In 7ba7c52d76 (upload-pack: fix race condition in error messages,
2023-08-10), we have fixed a race in t5516-fetch-push.sh where sometimes
error messages got intermingled. This was done by splitting up the call
to `die()` such that we print the error message before writing to the
remote side, followed by a call to `exit(1)` afterwards.

This causes a subtle regression though as `die()` causes us to exit with
exit code 128, whereas we now call `exit(1)`. It's not really clear
whether we want to guarantee any specific error code in this case, and
neither do we document anything like that. But on the other hand, it
seems rather clear that this is an unintended side effect of the change
given that this change in behaviour was not mentioned at all.

Fix this regression by exiting with 128 again and tighten one of our
tests to catch such unintended side effects.

Signed-off-by: Patrick Steinhardt <ps@pks.im>
---

We have found this issue in our CI pipeline in Gitaly, which explicitly
checks for the error code. It is very much debatable whether we should
even be doing that in the first place given that error codes are not
even explicitly documented here. But I think this is worth fixing anyway
given that it seems like an unintended side effect to me and might be
biting others, as well.

If you folks agree with my reasoning, then I think we should pick this
up before Git v2.42.0 is released.

Patrick

 t/t5703-upload-pack-ref-in-want.sh | 2 +-
 upload-pack.c                      | 2 +-
 2 files changed, 2 insertions(+), 2 deletions(-)

Comments

Junio C Hamano Aug. 16, 2023, 4:16 p.m.
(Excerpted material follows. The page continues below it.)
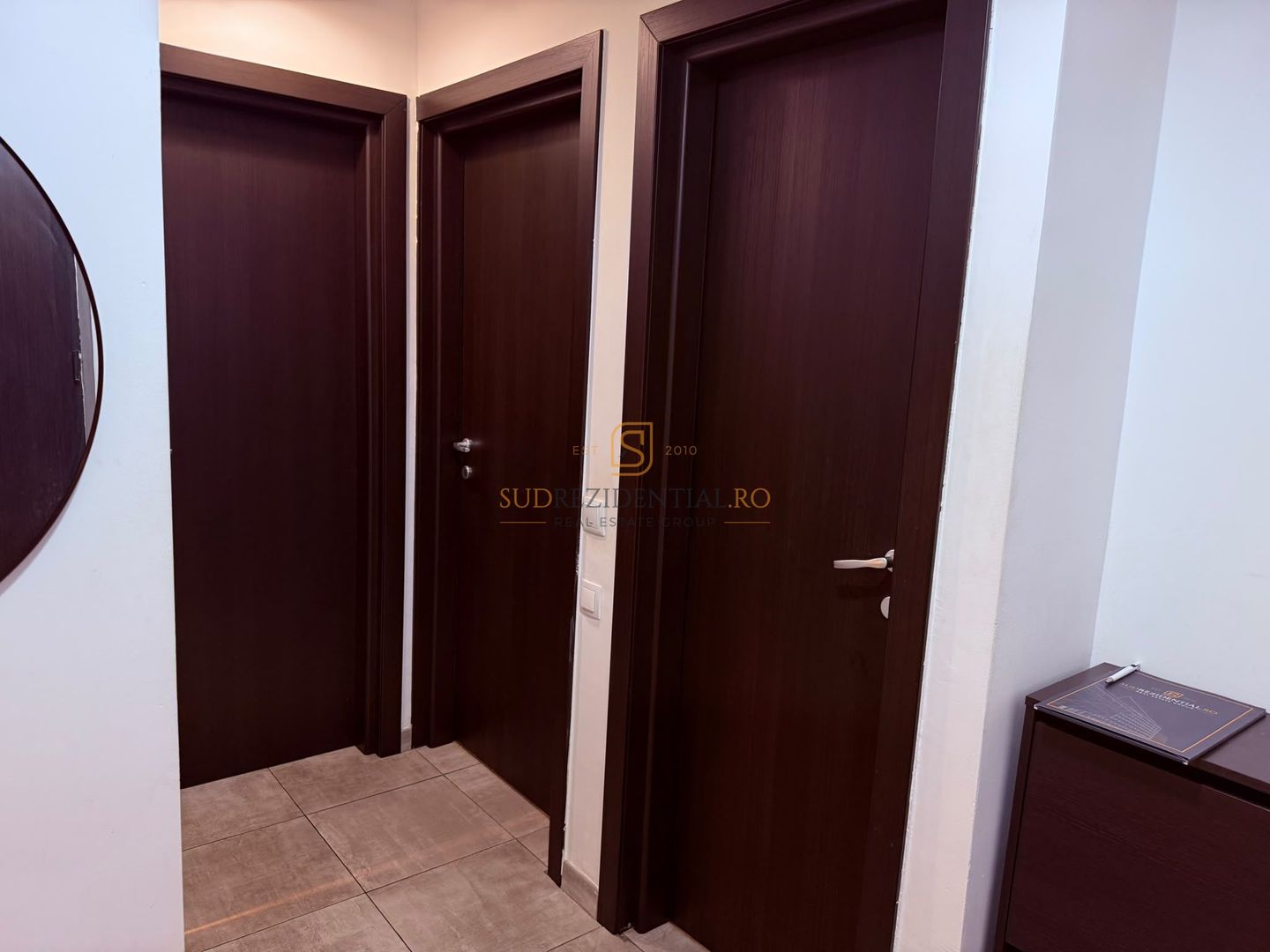 Apartament cu 2 camere, decomandat, mobilat si utilat, gata de mutare - Poză 4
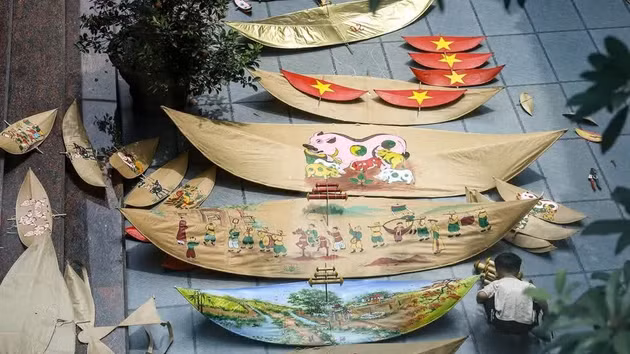 La aldea de Ba Duong Noi es la única localidad del país que cuenta con una Asociación de Cometas vinculada a un templo dedicado a la Deidad del Delta. La asociación fue restablecida en 1987, tras años de interrupción por la guerra, y se ha convertido en un espacio de preservación de la memoria cultural de numerosas generaciones.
UTC | #1
Patrick Steinhardt <ps@pks.im> writes:

> In 7ba7c52d76 (upload-pack: fix race condition in error messages,
> 2023-08-10), we have fixed a race in t5516-fetch-push.sh where sometimes
> error messages got intermingled. This was done by splitting up the call
> to `die()` such that we print the error message before writing to the
> remote side, followed by a call to `exit(1)` afterwards.
> ...
> We have found this issue in our CI pipeline in Gitaly, which explicitly
> checks for the error code. It is very much debatable whether we should
> even be doing that in the first place given that error codes are not
> even explicitly documented here. But I think this is worth fixing anyway
> given that it seems like an unintended side effect to me and might be
> biting others, as well.
>
> If you folks agree with my reasoning, then I think we should pick this
> up before Git v2.42.0 is released.

Thanks.

The change to the code sounds sensible in that it is a move to
restore the status quo, and we know that the original never intended
to "fix" the exit status from 128 to 1.  The test change etches the
status quo in stone, which is a bit more than that and might be
debatable, but when we someday formally declare that users should
not be relying on the exit status that are not documented, we would
hunt for the uses of test_expect_code in the tests and turn this one
back, and probably do the same to others that are too strict on the
exact exit status, so I think that half of the change is OK, at
least for now.

Comments?

>  t/t5703-upload-pack-ref-in-want.sh | 2 +-
>  upload-pack.c                      | 2 +-
>  2 files changed, 2 insertions(+), 2 deletions(-)
>
> diff --git a/t/t5703-upload-pack-ref-in-want.sh b/t/t5703-upload-pack-ref-in-want.sh
> index df74f80061..fe6e056700 100755
> --- a/t/t5703-upload-pack-ref-in-want.sh
> +++ b/t/t5703-upload-pack-ref-in-want.sh
> @@ -483,7 +483,7 @@ test_expect_success 'server is initially ahead - no ref in want' '
>  	rm -rf local &&
>  	cp -r "$LOCAL_PRISTINE" local &&
>  	inconsistency main $(test_oid numeric) &&
> -	test_must_fail git -C local fetch 2>err &&
> +	test_expect_code 128 git -C local fetch 2>err &&
>  	test_i18ngrep "fatal: remote error: upload-pack: not our ref" err
>  '
>  
> diff --git a/upload-pack.c b/upload-pack.c
> index ece111c629..15f3318d6d 100644
> --- a/upload-pack.c
> +++ b/upload-pack.c
> @@ -782,7 +782,7 @@ static void check_non_tip(struct upload_pack_data *data)
>  			packet_writer_error(&data->writer,
>  					    "upload-pack: not our ref %s",
>  					    oid_to_hex(&o->oid));
> -			exit(1);
> +			exit(128);
>  		}
>  	}
>  }
Junio C Hamano Aug. 16, 2023, 4:44 p.m. UTC | #2
Junio C Hamano <gitster@pobox.com> writes:

> The change to the code sounds sensible in that it is a move to
> restore the status quo, and we know that the original never intended
> to "fix" the exit status from 128 to 1.  The test change etches the
> status quo in stone, which is a bit more than that and might be
> debatable, but when we someday formally declare that users should
> not be relying on the exit status that are not documented, we would
> hunt for the uses of test_expect_code in the tests and turn this one
> back, and probably do the same to others that are too strict on the
> exact exit status, so I think that half of the change is OK, at
> least for now.
>
> Comments?

An alternative to make this "fix" without setting any policy is to
do this.  That is, to remove the change to the test part and then to
rephrase the tail end of the proposed commit log message.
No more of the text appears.